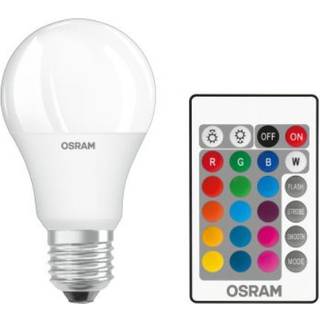 Osram LED-pære 9,4 W E27 m/farveskift (På lager i butik)
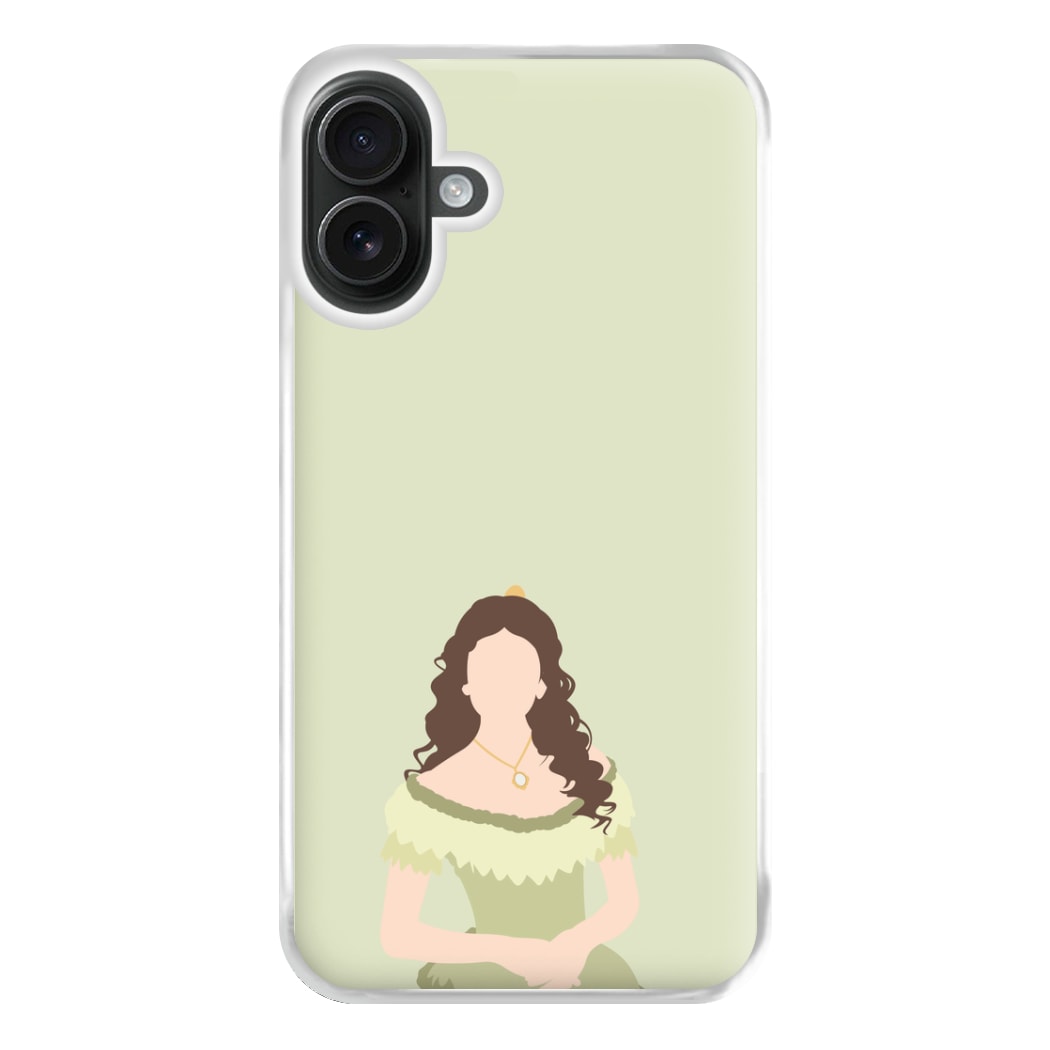 Elena Green Dress - VD Phone Case for iPhone 16 Plus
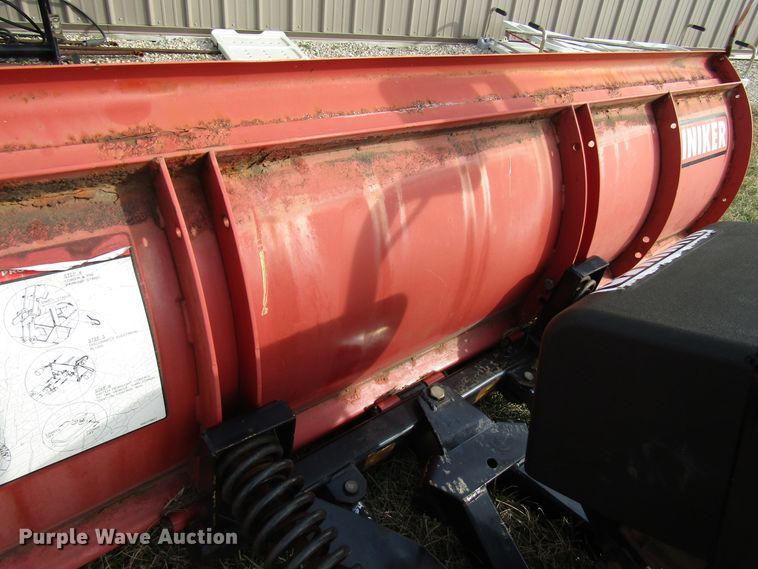 image for item DH8387 Hiniker 9'W snow plow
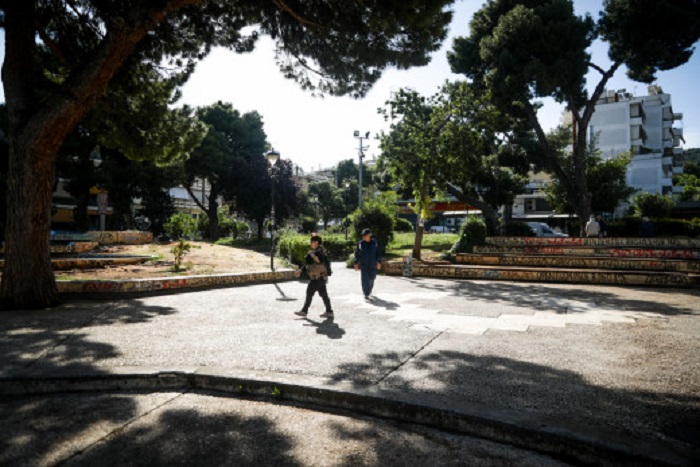 plateia agiou iwannoy ag paraskevi1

EXERCISE REQUIREMENTS:
Omit the pictures and output all remaining material exactly.

PROBLEM SOLUTION:
 Osram LED-pære 9,4 W E27 m/farveskift (På lager i butik)
 Elena Green Dress - VD Phone Case for iPhone 16 Plus
 image for item DH8387 Hiniker 9'W snow plow
 plateia agiou iwannoy ag paraskevi1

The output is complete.